The inhomogeneous form of the recurrence, with its constant term of $+1$, can be reduced to homogeneous form where the constant term is $0$, by subtracting a particular (e.g., constant) solution of the inhomogeneous equation. Here the constant solution is $T(n) = -1/2$ so that $S(n) = T(n) + 1/2$ is the natural function to examine, and satisfies the simpler recurrence $S(n)= 3S(\sqrt{n})$.
For the equation to be well-defined, an interpretation of what $\sqrt{n}$ means should be fixed. For an integer recurrence you probably mean the greatest integer $\leq \sqrt{n}$. For a positive real-valued recurrence one would stipulate the values of $T(n)$ on an interval containing $1$ and define the function on the rest of $(0,+\infty)$ using the recurrence.

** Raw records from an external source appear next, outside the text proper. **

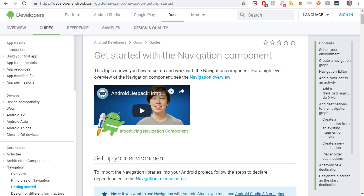In this video, I'm going to get the dependencies to get started with the Navigation Component Library. This is a new library to help navigate your apps more efficiently.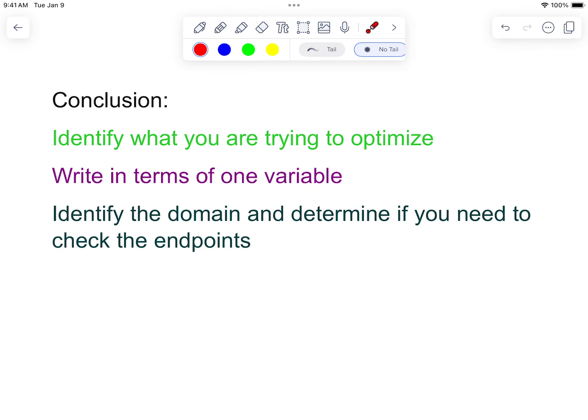All right, so in conclusion: identify what you're trying to optimize, write it in terms of one variable, identify the domain, and determine if you need to check endpoints — so are you doing your candidates test, an increasing/decreasing chart, or a second derivative test? And as always, have fun — this is really good stuff, a lot of fun. Make sure you're having fun.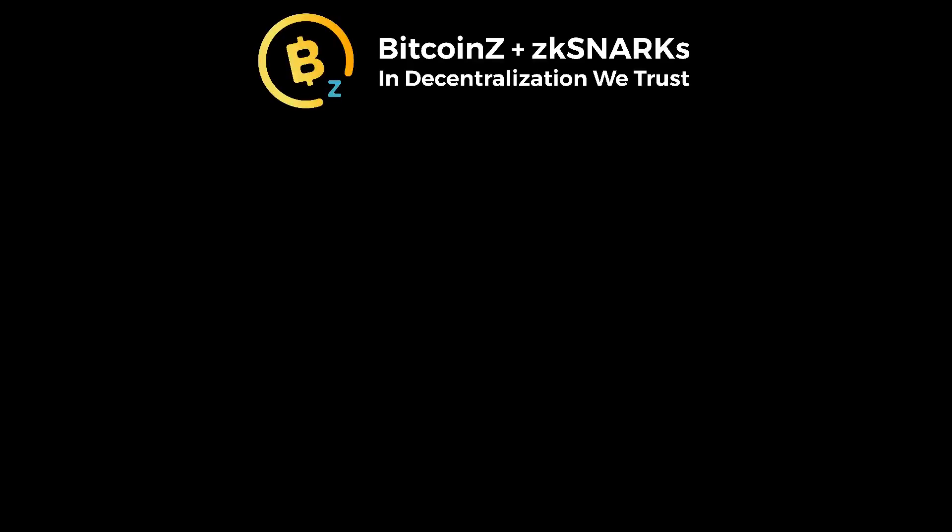Hello everybody, this is CryptoRex with the Bitcoin Z community team. I would like to go over a quick instructional video of our Bitcoin Z GUI miner and show you a couple of the features that it has so you can get started mining.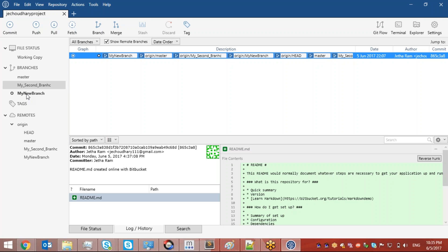One of those branches is in bold font — that means it is my working copy. When you clone a repository from remote to local, that repository can have multiple branches locally but only one is the active working branch. Any changes I make in the repository will correspond to my working branch.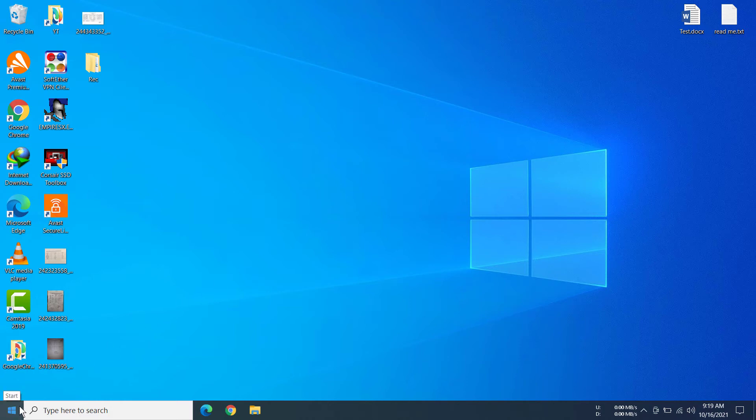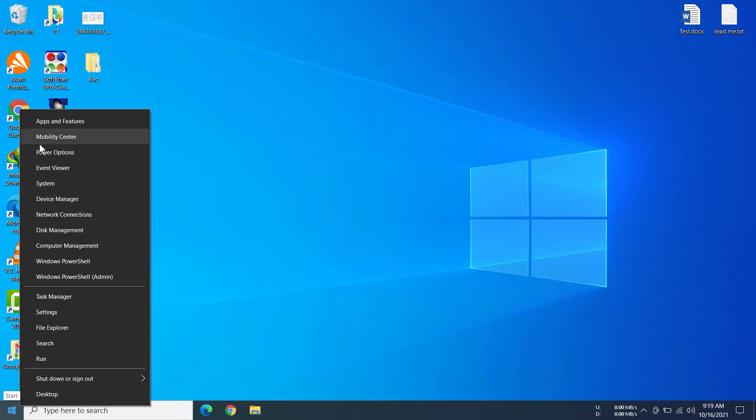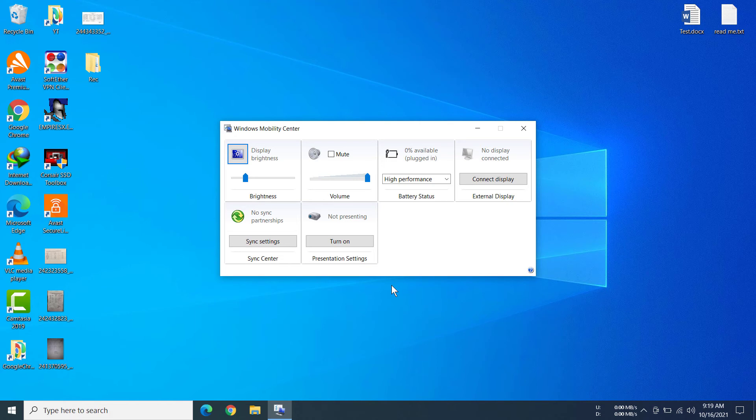You will see there are many options, and in between them there is the Mobility Center. You can click on this and there you go, you have opened Windows Mobility Center.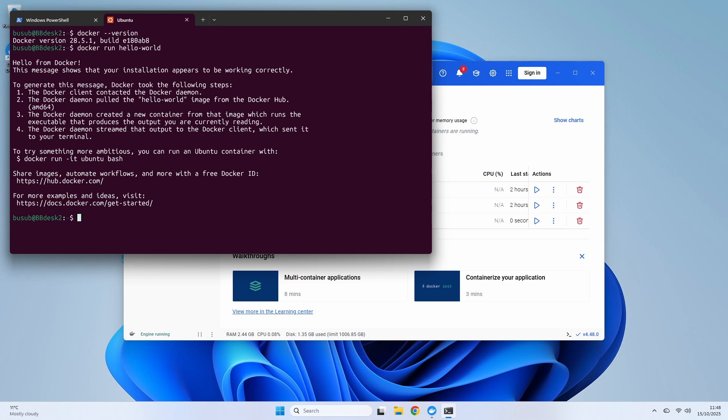And there you have it. In just a few minutes, we successfully installed Docker on Windows, confirmed it was working by running both a test container and an interactive Ubuntu container, and enabled the WSL integration for a perfect development setup. You are now ready to start building and containerizing your own applications.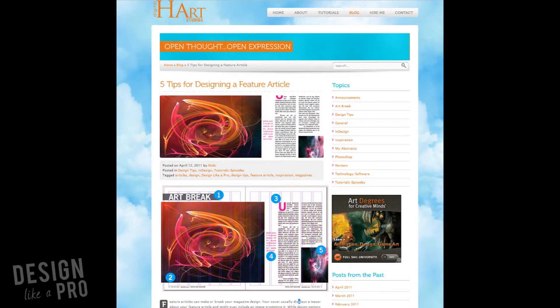Hi everyone, this is Nikki with Design Like a Pro and we're going to talk about feature articles in this episode. This is something a lot of you have been inquiring about, so here we go.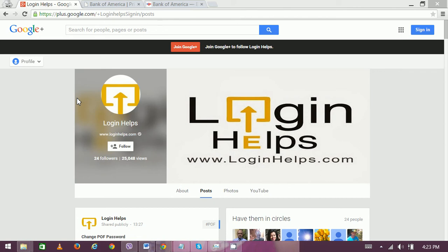Hello there, welcome to Login Helps. Today we're going to explain Bank of America Privacy Assist. Bank of America Privacy Assist is for those who have a business account and want a review or summary of their account every once in a while. With Privacy Assist of Bank of America, you get a new report every quarter.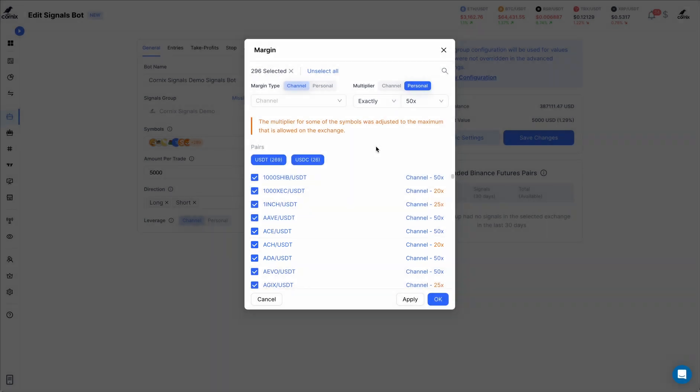In these cases, the multiplier value will be automatically updated to be the maximum value that is valid for each symbol, and the value of the modified symbols will be colored in orange as can be seen here.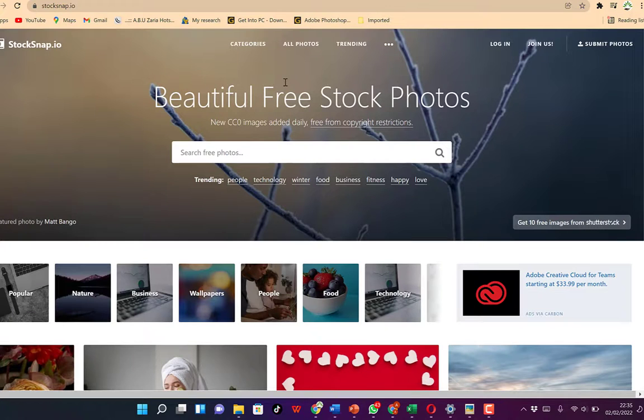In this video, I want to share with you my top five websites to download free stock images that are copyright free. You can easily download them, use, reuse, share with your friends, and use them to develop your content without any fear of copyright issues.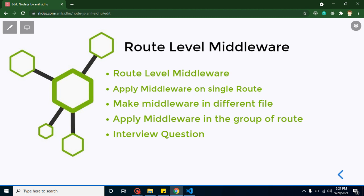So what are route level middlewares? Route level middlewares are those middlewares that can be applied only on a single route or a group of routes. A single route means you have five routes and you want to apply middleware on just one of them. You can also apply middleware on 15 or 18 routes out of 20, skipping the rest. These kinds of things can be done with route level middleware.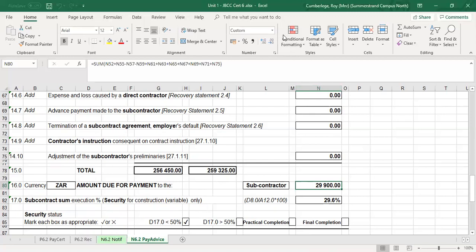The subcontractor can expect a payment of 29,900 rand by the end of the sixth month. I hope you've learned something today. We will then move on to exercise two, which is the follow-up certificate number seven. Keep safe and I'll see you next time.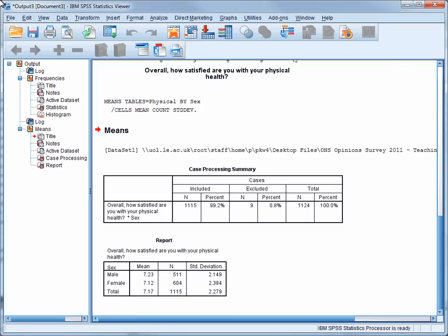But we also need to consider the dispersion of satisfaction in the two groups, or how spread out the scores are. We can compare the standard deviation of each group in order to get an idea of the difference in dispersion between males and females. As you can see, the standard deviation for males is about 2.15 points, and for females is about 2.38. So we can conclude that because both the means and the standard deviations of both groups are very similar, there isn't a notable difference in the distribution of this kind of satisfaction between males and females.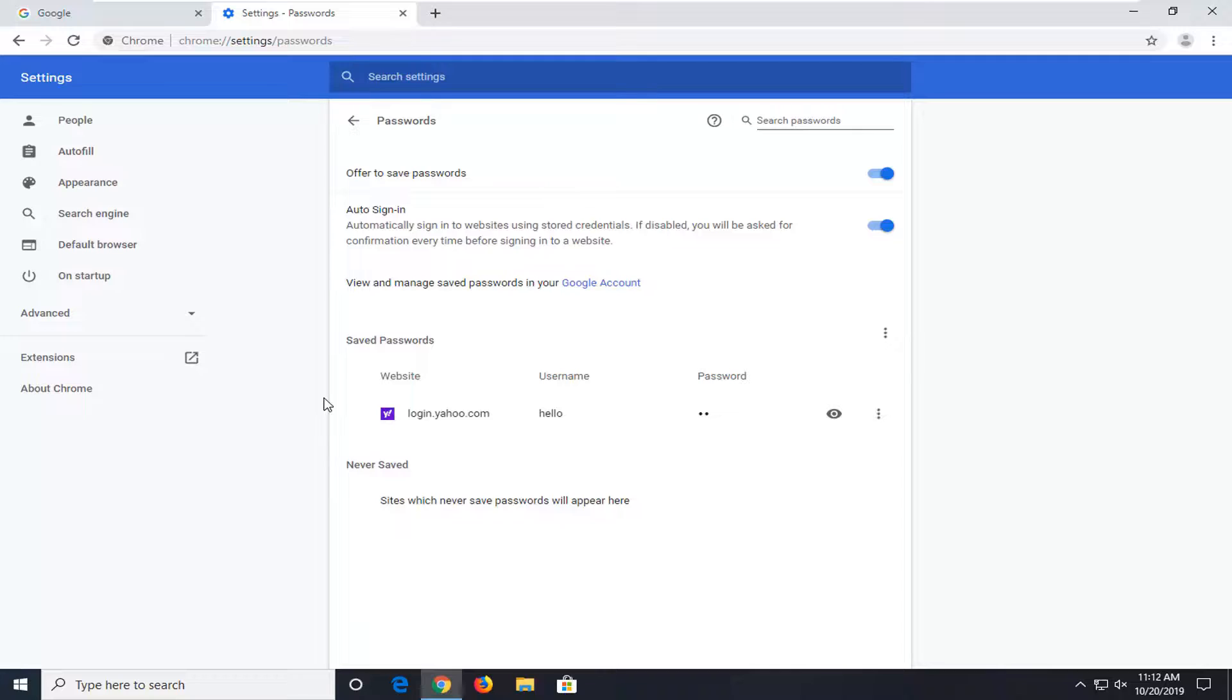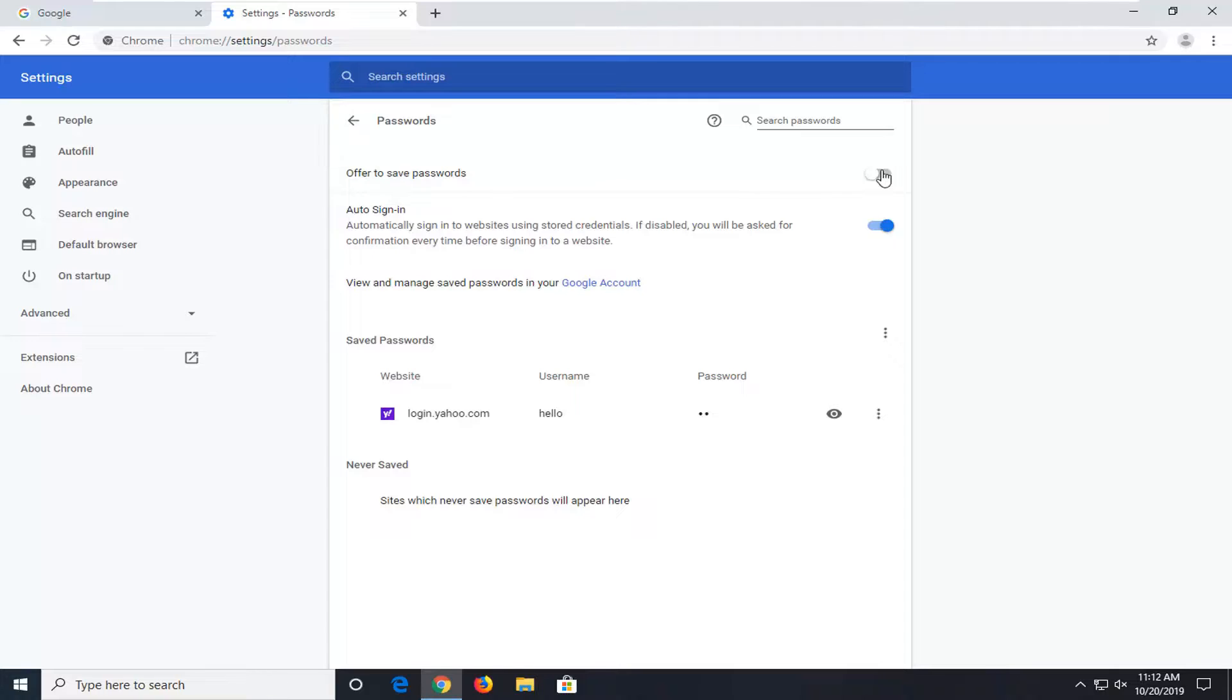And again, pretty straightforward. You can also disable the ability to save passwords. So just turn that off right through there so it won't prompt you to save passwords in the future.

The formula with $\log_2 \log_2 n$ does satisfy the recurrence for $n>1$, if $n$ is real-valued and the square roots are exact. Unfortunately this form of $T(n)$ is undefined at $n=1$ and has a limit of $-1/2$ as $n \to 1$, which is inconsistent with the requirement that $T(1)=1$. The trouble is that the unlimited ability to iterate the square root operation forces $T(n)$ toward $-1/2$ at $n=1$. One has to ground the induction by clearly defining the "base case" of the recurrence and how it is reached in finitely many steps. Then, instead of using logarithms, one can write a solution in terms of the quantity "number of iterations of $\sqrt{n}$ necessary to reduce $n$ to the initial value (or interval)". The logarithms are still important for expressing the approximate value of that quantity and thus the size of $T(n)$ for large $n$, but they are not an exact description of any solution with $T(1) \neq -1/2$.
EDIT: I am leaving the above as originally written, but the boundary condition is $T(2)=1$ and not $T(1)=1$ as I had thought. For that condition the algebraic formula in the question is correct at powers $2^{2^n}$ and definition at other values is best done in terms of the number of iterations to reduce $n$ to $2$ or less.